- _Brief descriptive captions_
+++
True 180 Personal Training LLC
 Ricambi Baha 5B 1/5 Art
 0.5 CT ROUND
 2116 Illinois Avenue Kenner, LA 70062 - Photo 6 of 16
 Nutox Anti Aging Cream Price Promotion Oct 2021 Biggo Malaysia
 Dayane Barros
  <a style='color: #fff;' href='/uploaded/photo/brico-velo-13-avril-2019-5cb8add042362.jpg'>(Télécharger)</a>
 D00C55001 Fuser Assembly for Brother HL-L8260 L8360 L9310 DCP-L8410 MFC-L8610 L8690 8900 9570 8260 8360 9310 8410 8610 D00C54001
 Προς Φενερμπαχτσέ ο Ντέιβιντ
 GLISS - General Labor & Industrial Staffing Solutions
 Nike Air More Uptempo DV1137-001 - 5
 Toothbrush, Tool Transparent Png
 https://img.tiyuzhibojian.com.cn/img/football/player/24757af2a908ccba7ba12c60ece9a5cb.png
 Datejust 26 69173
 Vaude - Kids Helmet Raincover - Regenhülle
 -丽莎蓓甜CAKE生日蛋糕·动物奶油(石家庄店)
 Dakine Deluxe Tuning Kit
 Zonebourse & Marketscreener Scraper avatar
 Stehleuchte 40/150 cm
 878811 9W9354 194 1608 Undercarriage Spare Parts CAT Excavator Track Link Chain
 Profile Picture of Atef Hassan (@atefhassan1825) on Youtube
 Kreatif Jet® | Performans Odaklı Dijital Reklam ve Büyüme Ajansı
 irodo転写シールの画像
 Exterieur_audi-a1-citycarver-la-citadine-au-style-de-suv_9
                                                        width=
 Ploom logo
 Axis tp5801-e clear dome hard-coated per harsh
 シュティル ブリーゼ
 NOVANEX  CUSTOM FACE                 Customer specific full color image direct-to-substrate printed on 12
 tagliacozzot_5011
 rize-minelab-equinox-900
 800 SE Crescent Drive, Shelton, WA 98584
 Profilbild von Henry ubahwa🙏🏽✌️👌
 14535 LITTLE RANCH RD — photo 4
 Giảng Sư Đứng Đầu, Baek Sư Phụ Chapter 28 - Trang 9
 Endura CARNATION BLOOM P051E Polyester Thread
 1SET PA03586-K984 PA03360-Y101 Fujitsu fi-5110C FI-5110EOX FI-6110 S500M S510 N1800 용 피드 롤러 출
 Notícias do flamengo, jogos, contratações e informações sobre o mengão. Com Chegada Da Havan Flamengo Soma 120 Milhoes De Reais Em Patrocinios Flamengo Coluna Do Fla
+++
- _DESCRIPTION OF THE TASK_
Word for word, repeat the lines from the one holding "Axis tp5801-e clear" through the last line of the entries, both included.

- _ANSWER BOX_
 Axis tp5801-e clear dome hard-coated per harsh
 シュティル ブリーゼ
 NOVANEX  CUSTOM FACE                 Customer specific full color image direct-to-substrate printed on 12
 tagliacozzot_5011
 rize-minelab-equinox-900
 800 SE Crescent Drive, Shelton, WA 98584
 Profilbild von Henry ubahwa🙏🏽✌️👌
 14535 LITTLE RANCH RD — photo 4
 Giảng Sư Đứng Đầu, Baek Sư Phụ Chapter 28 - Trang 9
 Endura CARNATION BLOOM P051E Polyester Thread
 1SET PA03586-K984 PA03360-Y101 Fujitsu fi-5110C FI-5110EOX FI-6110 S500M S510 N1800 용 피드 롤러 출
 Notícias do flamengo, jogos, contratações e informações sobre o mengão. Com Chegada Da Havan Flamengo Soma 120 Milhoes De Reais Em Patrocinios Flamengo Coluna Do Fla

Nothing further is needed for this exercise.